Tuesday, January 22, 2013

Quote of the Day

Exactly a year before his assassination, Rev. Martin Luther King, Jr spoke out against the war in Vietnam:
"As I have walked among the desperate, rejected and angry young men I have told them that Molotov cocktails and rifles would not solve their problems. I have tried to offer them my deepest compassion while maintaining my conviction that social change comes most meaningfully through nonviolent action. But they asked -- and rightly so -- what about Vietnam? They asked if our own nation wasn't using massive doses of violence to solve its problems, to bring about the changes it wanted. Their questions hit home, and I knew that I could never again raise my voice against the violence of the oppressed in the ghettos without having first spoken clearly to the greatest purveyor of violence in the world today -- my own government."
I re-read this speech every year around his birthday and each time, different parts of it speak to me.

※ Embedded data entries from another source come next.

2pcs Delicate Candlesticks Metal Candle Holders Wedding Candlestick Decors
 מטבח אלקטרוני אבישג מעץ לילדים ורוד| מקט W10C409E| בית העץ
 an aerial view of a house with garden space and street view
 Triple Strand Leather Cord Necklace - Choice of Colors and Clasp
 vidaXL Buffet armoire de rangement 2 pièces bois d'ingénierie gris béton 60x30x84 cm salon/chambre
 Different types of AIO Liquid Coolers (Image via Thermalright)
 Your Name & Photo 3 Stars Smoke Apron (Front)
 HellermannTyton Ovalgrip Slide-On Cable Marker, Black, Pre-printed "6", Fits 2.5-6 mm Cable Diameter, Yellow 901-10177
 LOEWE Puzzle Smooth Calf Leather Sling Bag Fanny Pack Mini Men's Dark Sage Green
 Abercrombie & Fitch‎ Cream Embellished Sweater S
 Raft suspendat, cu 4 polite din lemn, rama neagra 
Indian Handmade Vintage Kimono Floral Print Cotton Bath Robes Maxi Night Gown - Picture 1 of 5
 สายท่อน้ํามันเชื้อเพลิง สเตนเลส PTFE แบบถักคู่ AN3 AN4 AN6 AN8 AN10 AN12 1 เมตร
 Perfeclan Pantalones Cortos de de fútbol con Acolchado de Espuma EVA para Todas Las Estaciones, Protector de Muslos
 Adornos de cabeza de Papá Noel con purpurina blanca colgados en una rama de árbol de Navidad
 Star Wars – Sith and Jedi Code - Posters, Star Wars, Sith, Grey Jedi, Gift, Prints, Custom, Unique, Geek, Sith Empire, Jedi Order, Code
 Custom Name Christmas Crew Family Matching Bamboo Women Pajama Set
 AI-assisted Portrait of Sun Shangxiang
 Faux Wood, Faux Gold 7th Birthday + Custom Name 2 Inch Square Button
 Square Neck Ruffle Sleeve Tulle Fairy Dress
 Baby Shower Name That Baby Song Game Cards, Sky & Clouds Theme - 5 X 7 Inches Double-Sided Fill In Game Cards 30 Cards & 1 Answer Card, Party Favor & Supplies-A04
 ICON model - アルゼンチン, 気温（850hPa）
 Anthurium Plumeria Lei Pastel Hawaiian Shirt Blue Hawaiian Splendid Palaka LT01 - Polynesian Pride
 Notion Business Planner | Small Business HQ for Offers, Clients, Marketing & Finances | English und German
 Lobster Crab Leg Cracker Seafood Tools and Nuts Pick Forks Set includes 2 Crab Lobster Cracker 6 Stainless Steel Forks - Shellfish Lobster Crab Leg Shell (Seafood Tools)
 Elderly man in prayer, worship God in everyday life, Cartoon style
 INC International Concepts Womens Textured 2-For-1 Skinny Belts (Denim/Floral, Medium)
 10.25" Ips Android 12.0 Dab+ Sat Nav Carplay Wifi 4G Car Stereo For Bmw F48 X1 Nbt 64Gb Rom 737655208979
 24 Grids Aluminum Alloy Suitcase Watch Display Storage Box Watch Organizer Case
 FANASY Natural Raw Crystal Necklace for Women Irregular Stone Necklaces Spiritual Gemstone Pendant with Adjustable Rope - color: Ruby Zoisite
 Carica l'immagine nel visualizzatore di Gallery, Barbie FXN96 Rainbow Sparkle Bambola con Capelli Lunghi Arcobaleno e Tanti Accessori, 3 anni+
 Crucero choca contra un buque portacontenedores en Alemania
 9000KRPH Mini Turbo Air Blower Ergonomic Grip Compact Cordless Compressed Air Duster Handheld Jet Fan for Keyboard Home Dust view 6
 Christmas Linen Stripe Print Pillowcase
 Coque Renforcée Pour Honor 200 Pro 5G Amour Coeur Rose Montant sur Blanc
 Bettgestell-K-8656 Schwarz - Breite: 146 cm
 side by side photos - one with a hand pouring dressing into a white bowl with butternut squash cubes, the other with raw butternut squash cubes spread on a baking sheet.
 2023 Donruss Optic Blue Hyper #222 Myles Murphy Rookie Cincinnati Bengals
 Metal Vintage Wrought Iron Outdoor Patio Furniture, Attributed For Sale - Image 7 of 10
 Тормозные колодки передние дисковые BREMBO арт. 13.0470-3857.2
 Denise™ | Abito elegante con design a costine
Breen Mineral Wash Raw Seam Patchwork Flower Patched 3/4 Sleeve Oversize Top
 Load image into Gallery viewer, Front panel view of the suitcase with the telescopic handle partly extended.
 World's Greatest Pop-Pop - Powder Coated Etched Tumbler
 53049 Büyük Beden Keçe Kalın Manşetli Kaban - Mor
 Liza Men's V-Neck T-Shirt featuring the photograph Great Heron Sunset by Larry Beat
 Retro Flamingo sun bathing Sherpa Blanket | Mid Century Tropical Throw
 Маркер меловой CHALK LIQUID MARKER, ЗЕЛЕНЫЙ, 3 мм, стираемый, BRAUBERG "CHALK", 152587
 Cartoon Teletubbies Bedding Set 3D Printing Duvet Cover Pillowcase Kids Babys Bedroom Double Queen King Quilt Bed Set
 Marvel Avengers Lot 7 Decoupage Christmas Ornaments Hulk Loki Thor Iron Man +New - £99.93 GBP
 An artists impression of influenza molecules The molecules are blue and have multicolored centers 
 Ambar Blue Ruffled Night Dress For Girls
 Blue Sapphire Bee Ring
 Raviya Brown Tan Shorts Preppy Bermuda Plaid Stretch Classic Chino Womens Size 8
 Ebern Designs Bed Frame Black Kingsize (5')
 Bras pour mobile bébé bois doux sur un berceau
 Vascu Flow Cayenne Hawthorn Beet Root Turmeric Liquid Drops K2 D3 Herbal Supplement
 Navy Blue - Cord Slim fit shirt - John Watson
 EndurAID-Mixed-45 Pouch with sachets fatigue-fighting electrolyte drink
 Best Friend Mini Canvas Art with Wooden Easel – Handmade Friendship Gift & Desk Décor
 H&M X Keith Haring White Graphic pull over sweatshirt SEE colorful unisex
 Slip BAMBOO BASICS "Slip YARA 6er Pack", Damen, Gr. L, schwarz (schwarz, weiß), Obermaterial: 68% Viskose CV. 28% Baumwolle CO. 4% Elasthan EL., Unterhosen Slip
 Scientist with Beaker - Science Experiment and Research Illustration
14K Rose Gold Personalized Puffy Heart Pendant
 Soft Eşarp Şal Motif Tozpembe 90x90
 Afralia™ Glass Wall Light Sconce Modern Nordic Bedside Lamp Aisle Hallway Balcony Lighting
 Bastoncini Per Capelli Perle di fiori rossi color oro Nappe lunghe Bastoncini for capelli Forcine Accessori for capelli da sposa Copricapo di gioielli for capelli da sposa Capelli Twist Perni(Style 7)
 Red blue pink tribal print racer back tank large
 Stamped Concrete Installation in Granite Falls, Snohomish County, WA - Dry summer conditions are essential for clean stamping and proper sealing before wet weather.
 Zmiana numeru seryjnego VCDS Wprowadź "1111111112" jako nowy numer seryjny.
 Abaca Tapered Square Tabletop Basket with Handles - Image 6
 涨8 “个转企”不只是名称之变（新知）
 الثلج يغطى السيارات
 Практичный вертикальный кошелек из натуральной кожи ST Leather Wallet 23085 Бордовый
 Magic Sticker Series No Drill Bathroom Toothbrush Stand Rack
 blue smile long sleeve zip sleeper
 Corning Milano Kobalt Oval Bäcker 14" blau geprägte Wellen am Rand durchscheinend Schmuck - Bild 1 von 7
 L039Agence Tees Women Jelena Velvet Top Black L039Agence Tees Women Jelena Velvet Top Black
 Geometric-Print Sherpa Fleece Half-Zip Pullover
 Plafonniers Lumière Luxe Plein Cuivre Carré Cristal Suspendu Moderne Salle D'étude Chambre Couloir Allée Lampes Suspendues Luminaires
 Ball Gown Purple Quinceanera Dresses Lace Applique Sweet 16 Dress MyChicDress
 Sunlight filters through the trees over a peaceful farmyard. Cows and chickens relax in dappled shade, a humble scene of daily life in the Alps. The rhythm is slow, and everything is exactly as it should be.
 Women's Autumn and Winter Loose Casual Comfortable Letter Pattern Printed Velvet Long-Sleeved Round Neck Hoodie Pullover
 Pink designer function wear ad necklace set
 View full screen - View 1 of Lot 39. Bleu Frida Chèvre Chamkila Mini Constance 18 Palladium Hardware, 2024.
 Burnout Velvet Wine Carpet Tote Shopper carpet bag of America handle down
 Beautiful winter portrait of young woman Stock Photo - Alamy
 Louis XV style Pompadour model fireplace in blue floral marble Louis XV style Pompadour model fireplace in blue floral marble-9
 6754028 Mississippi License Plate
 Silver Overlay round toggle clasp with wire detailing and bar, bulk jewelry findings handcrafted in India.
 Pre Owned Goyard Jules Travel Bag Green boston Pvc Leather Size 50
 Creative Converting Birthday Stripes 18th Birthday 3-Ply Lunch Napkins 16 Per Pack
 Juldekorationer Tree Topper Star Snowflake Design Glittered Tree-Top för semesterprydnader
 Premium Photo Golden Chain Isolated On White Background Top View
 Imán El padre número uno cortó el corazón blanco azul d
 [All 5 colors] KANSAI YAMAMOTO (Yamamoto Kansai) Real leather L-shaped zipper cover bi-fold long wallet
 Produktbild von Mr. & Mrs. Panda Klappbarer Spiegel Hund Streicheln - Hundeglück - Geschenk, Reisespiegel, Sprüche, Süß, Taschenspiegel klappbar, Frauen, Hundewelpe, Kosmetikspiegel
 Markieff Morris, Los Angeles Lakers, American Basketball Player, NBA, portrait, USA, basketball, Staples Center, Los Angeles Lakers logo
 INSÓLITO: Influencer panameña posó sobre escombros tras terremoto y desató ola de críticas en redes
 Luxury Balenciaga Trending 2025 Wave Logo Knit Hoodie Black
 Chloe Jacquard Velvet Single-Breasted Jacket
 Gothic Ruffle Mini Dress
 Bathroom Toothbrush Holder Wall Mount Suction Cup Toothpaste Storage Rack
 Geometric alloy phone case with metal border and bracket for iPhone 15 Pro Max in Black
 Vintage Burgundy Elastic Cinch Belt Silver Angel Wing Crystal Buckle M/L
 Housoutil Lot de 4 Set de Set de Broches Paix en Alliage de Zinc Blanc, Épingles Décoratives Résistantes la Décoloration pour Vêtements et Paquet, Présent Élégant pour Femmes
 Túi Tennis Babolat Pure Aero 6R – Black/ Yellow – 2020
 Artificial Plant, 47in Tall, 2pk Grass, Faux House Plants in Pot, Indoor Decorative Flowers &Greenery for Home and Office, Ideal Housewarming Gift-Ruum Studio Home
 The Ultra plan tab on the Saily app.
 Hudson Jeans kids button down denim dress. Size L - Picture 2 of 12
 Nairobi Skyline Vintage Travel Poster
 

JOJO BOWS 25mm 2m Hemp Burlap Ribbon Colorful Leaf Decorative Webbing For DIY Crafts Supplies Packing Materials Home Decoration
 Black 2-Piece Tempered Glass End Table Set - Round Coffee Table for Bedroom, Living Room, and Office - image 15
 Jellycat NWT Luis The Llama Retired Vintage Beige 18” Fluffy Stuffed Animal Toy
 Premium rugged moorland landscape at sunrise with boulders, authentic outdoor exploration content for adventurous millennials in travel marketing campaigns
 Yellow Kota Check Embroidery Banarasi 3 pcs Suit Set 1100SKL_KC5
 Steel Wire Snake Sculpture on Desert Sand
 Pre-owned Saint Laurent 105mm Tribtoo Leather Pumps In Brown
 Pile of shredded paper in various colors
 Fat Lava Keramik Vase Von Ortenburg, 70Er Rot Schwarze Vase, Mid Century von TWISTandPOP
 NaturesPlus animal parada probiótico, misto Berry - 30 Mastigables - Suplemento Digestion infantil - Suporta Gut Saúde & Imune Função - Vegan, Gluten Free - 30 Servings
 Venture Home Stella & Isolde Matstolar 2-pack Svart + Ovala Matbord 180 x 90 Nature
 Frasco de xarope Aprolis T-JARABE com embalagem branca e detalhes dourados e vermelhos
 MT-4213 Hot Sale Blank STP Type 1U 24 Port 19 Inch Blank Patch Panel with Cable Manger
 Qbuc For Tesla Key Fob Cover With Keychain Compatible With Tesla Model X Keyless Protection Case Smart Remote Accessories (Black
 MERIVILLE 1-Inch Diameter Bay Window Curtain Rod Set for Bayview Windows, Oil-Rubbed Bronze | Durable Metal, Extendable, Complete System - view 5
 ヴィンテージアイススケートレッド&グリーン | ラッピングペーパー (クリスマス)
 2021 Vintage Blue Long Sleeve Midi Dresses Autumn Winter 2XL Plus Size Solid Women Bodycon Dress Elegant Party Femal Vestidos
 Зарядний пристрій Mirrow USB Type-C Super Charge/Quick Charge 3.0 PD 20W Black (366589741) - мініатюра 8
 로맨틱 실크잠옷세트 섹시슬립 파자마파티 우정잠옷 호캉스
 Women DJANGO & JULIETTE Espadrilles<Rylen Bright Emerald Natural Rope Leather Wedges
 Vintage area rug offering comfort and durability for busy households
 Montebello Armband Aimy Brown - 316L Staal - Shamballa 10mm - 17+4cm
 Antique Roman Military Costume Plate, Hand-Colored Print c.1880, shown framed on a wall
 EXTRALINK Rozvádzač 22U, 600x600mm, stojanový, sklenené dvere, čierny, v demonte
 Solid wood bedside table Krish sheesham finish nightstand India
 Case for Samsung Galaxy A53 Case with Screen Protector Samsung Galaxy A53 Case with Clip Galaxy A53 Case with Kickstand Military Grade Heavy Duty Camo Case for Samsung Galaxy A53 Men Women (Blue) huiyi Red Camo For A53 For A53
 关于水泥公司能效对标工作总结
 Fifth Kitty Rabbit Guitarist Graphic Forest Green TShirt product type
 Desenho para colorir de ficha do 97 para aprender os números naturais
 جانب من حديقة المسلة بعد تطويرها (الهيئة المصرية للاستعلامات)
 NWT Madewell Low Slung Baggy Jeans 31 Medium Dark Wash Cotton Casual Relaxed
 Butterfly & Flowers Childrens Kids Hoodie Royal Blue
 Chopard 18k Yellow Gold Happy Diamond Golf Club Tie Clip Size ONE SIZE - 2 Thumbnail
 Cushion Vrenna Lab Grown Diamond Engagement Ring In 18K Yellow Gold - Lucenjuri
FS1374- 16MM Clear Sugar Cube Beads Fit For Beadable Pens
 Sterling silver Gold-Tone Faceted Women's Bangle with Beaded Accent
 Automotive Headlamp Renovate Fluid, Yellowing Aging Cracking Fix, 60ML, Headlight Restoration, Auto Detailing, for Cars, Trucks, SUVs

This year, I noticed that not only was Rev. King a great speaker, he was a listener as well. He speaks of talking to the poor and hearing their questions. He speaks of understanding their point of view, one that rightly asks, "How can you tell us that violence is wrong, when our government engages in so much of it in our name?"

He speaks too of understanding the point of view of our so-called "enemies" in Vietnam, and how, to them, we must seem "strange liberators" as we support the colonization of a nation that modeled its declaration of independence after our own.

What is notable to me is that Rev. King had an agenda of civil rights and non-violence, but it wasn't a one-sided agenda based only upon "his side" talking, wherein any means justified the ends. He sought to listen to and understand those who had been designated his enemies. He questioned the words used to describe them. He put himself in their position and tried to understand their history of pain, oppression, and fear.

People like to quote Rev. King's "I Have a Dream" speech, and I can understand that. It's a great,  moving speech. I wish his above speech were more known, but I also understand why many politicians and culture warriors don't draw from it as much.